2013 in Review

What a strange year.

2013 was marked by a whole sequence of entirely unexpected events, including multiple major work upheavals. For large chunks of the year, I had very little time or emotional energy for personal reading goals, and particularly for writing reviews. I declared personal amnesty on most of my intentions halfway through the year, and all the totals will reflect that. On the plus side (although not for reading and reviews), it was a great year for video games.

Next year, there will be no specific goals. Between continuing work fallout, a very busy project schedule, my intent to keep playing a lot of video games, and various other personal goals I want to take on, I'm going to take the pressure off of reading. Things will be read and reviews will be written (and I'm going to make more of an effort to write reviews shortly after reading books), but I'm not going to worry about how many.

The below statistics are confined to the books I reviewed in 2013. I read six more books that I've not yet reviewed, due to the chaos at the end of the year. Those will be counted in 2014.

There were no 10 out of 10 books this year, partly due to the much lower reading totals and partly due to my tendency this year to turn to safe comfort reading, which is reliably good but unlikely to be exceptional. There were, however, several near-misses that were worth calling out.

My favorite book of the year was Neal Stephenson's Anathem, which narrowly missed a 10 for me due to some fundamental problems with the plot premise. But this is still an excellent book: the best novel about the practice of science and philosophy that I've ever read. Also deserving mention are K.E. Lane's And Playing the Role of Herself, lovely and intelligent lesbian romance that's likely to appeal even to people who would not normally try that genre, and Guy Gavriel Kay's River of Stars. The latter isn't quite at the level of Kay's earlier Under Heaven, but it's still an excellent work of alternate historical fiction in a memorable setting.

A special honorable mention goes to Lisa O'Donnell's The Death of Bees. It requires a lot of warnings for very dark subject matter and a rather abrupt ending, but it's been a long time since I've cared that much about the characters of a book.

My favorite non-fiction book of the year was Gary J. Hudson's They Had to Go Out, a meticulously researched account of a tragic Coast Guard mission.

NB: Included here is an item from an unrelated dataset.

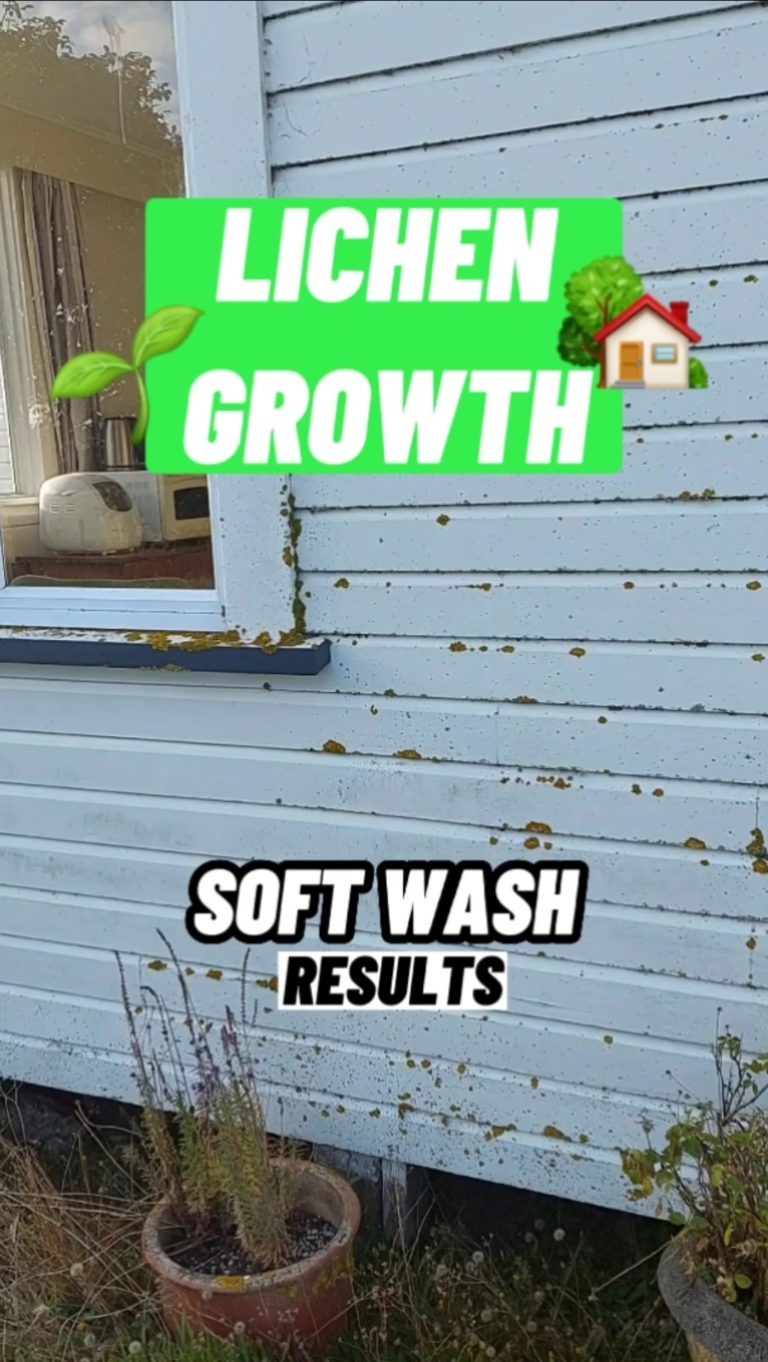 Softwash Results on a wall with lichen growth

The writing is choppy, the editing could have been better, and it's clear that the author is not a professional writer, but it's the sort of detailed non-fiction account that can only be written by someone who's been there and lived through similar experiences. Also worth mentioning is Mark Jason Dominus's Higher Order Perl, which was the best technical book I read all year and which I found quite inspiring for my own programming.

Below are some additional personal reading statistics, probably only of interest to me.

In 2013, I read and reviewed 41 books. As expected, this was a significant drop from last year. The drop is larger than it sounds, since several of those were independently-published novellas or even short stories. Overall statistics, with the change from last year:

Books read 41 (-19)
Total pages 13,421 (-8133)
Average rating 6.93 (-0.30)
Pages per day 36.8 (-22.1)
Days per book 8.90 (-2.80)

Total pages were way down, as expected. Average rating was also down, which is unsurprising. I put off reading several books I expect to greatly enjoy because I didn't have the mental energy and attention for them.

Breakdown by genre:

SF and fantasy 25 61%
Other fiction 7 10%
Non-fiction 12 29%
Graphic novels 0 0%
RPGs 0 0%

The percentages are quite similar to those of last year except without any graphic novels or RPGs. The time I put into those categories went into non-fiction instead. This is the highest percentage of non-fiction that I've read since I started keeping track.

Of the SF and fantasy novels, here's a rough breakdown of the books by reason for seeking them out:

Award winners 4 16%
Award series 0 0%
Re-reads 0 0%
Genre classics 0 0%
Favorite authors 13 52%
Current SF&F 3 12%
Recommendations 2 8%
Random 3 12%

The year was all favorite authors, all the time, which turned out not to work wonders for my average rating. Some of this was the large pile of random independently published John Scalzi novellas and short stories that I read, which count in the statistics and which were occasionally enjoyable, but not particularly memorable.

As always, the categorization is debatable. This year, a bunch of the books from my favorite authors could also count as current SF&F. The categories are listed in roughly the order of precedence in cases of books that could be filed into multiple categories.

Not counting in any of these statistics was one re-read of a book I previously read and reviewed: The Westing Game. This resulted in a revision of my previous review.